→ What is being asked
Given the entries below, would you transcribe exactly the lines starting at the one with "Save the Date-wedding" and ending at the one with "Eomenie Gold Sequins", both kept, pictures omitted, nothing extra?

→ Data supplied
<<<<
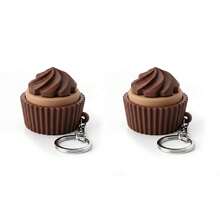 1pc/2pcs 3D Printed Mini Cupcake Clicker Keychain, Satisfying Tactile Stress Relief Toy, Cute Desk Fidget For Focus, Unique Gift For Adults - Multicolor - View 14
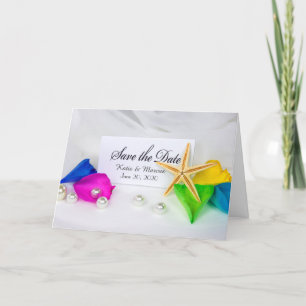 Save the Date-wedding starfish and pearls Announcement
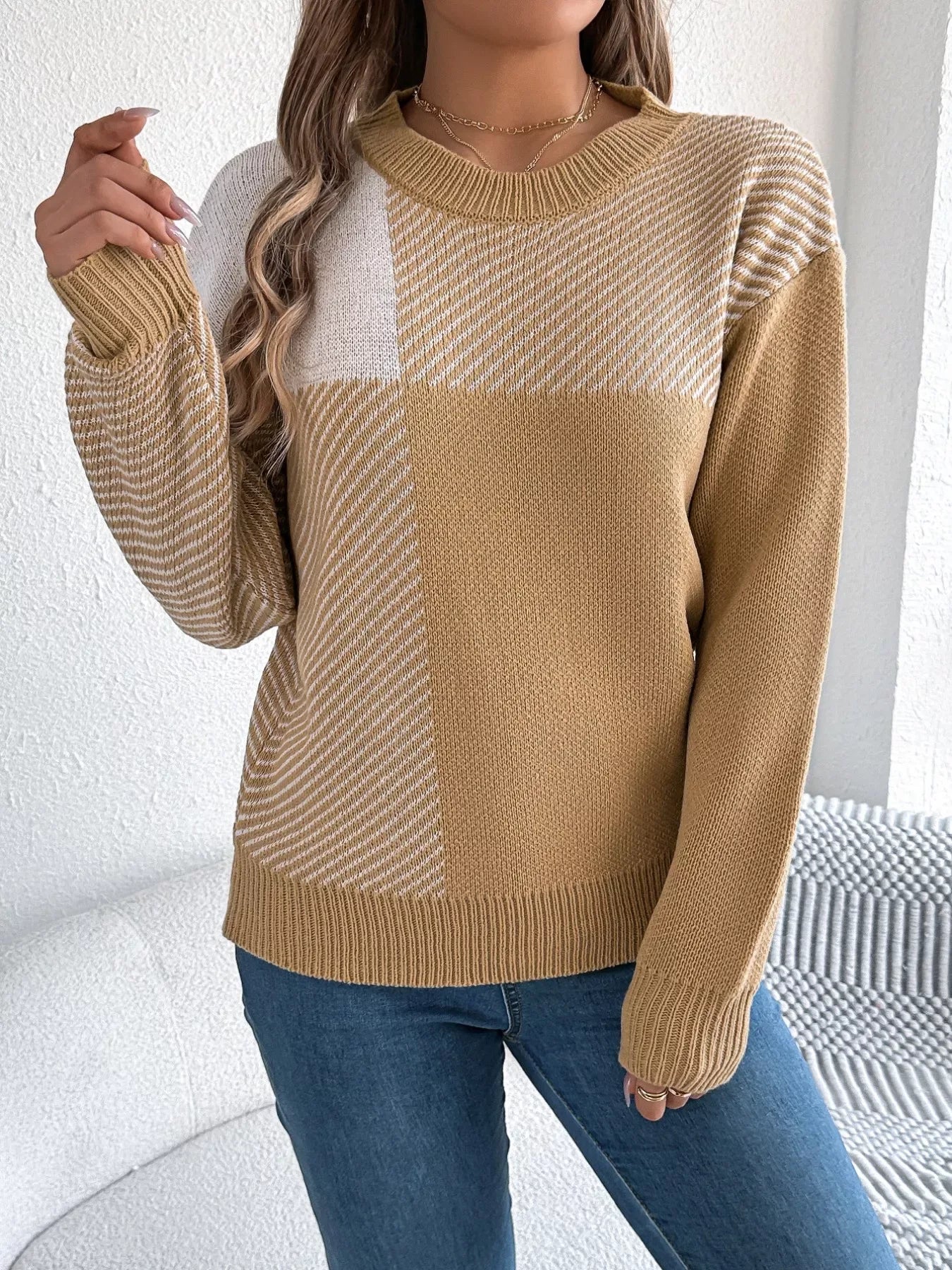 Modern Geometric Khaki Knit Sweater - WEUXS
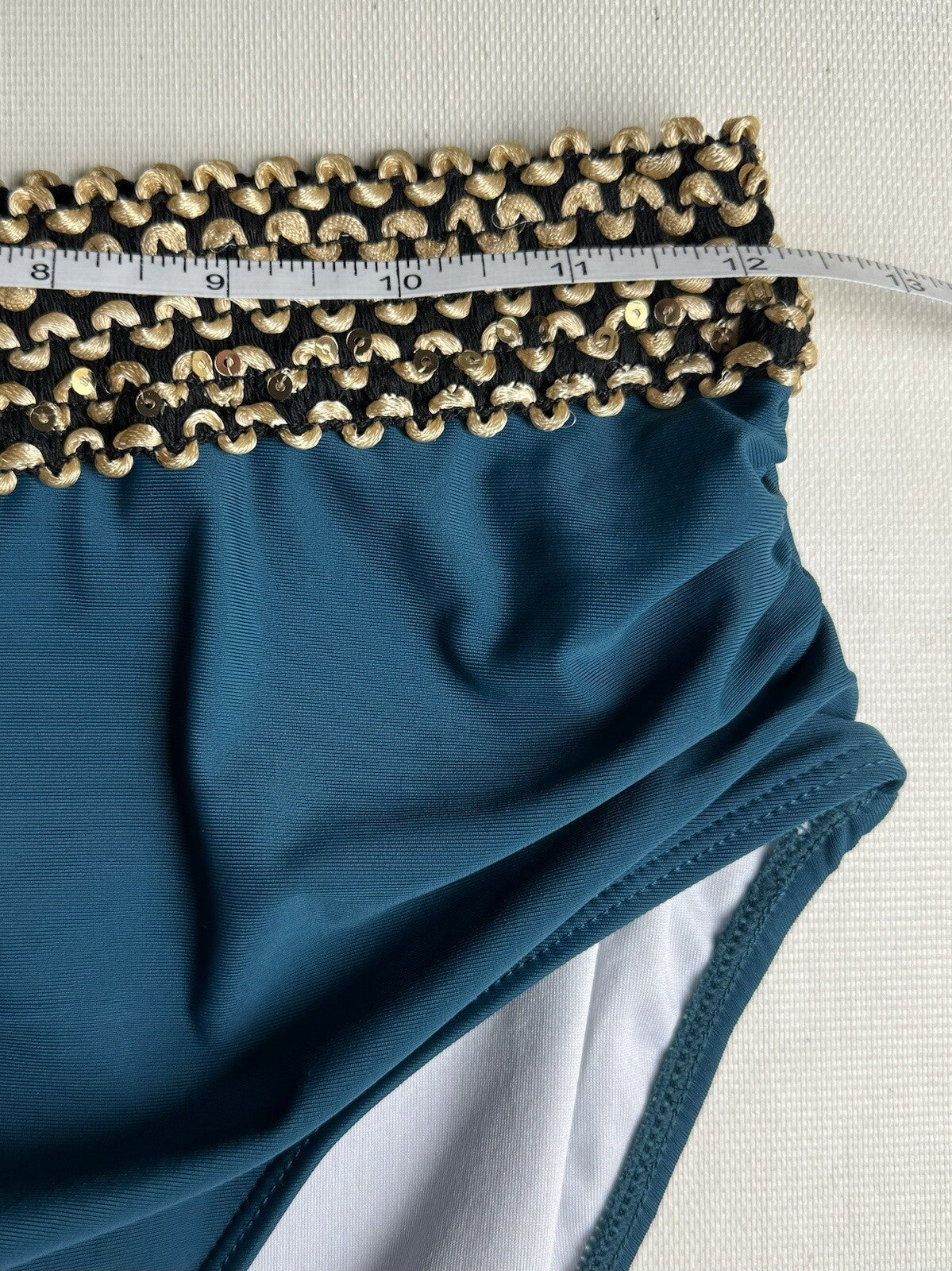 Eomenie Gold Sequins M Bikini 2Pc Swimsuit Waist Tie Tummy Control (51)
>>>>
<<<<
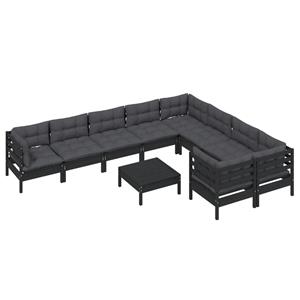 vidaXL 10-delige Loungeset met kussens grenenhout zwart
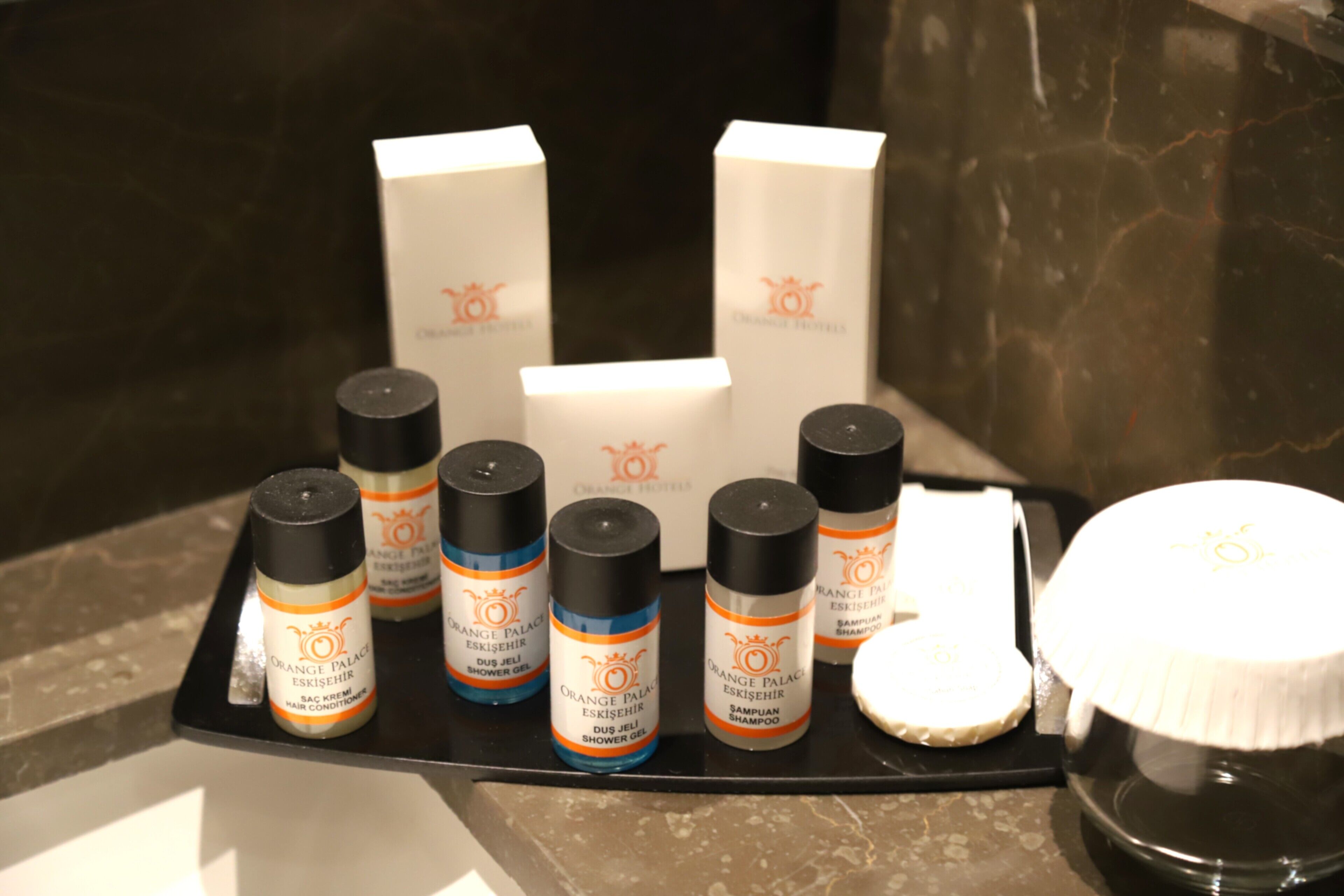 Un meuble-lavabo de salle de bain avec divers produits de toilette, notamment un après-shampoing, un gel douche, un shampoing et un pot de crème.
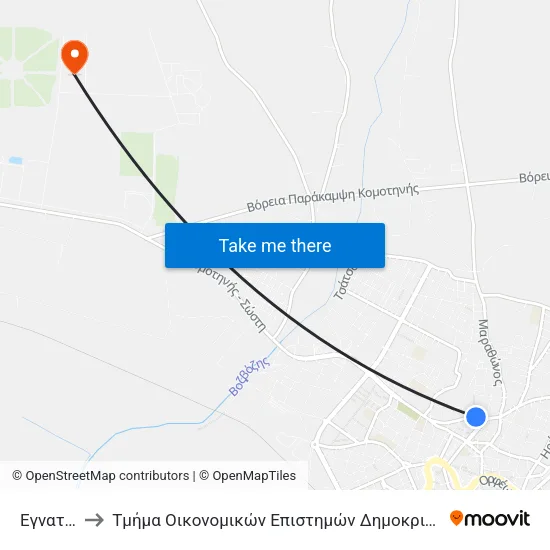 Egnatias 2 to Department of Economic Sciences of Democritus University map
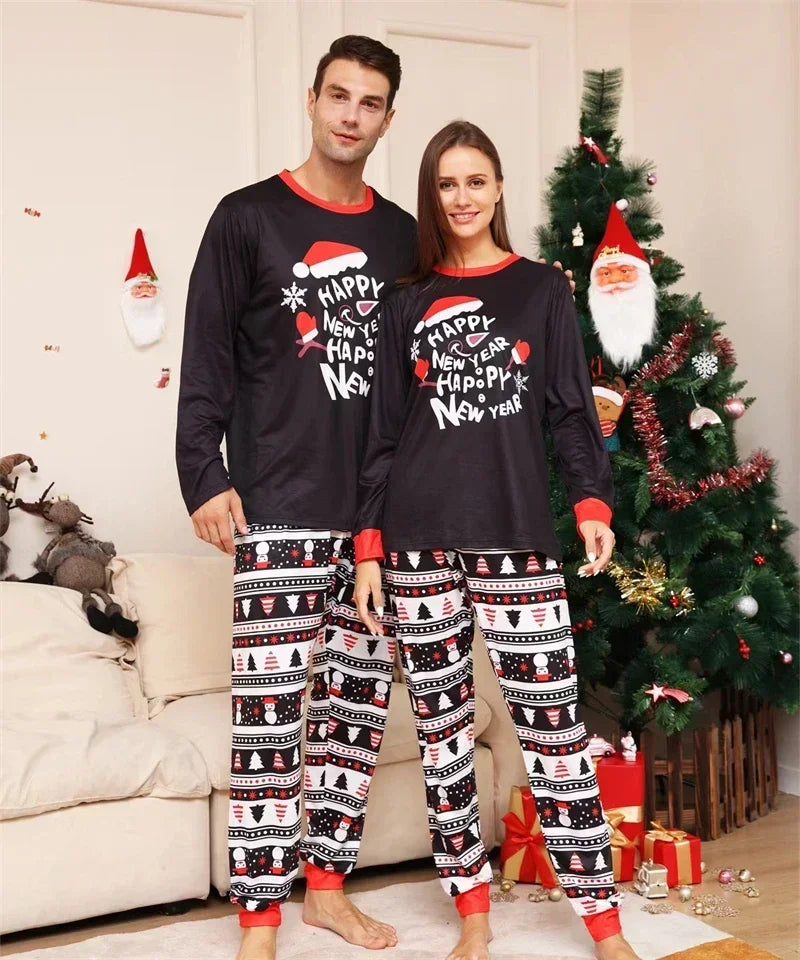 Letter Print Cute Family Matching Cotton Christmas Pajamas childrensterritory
>>>>
→ Task answer
 Save the Date-wedding starfish and pearls Announcement
 Modern Geometric Khaki Knit Sweater - WEUXS
 Eomenie Gold Sequins M Bikini 2Pc Swimsuit Waist Tie Tummy Control (51)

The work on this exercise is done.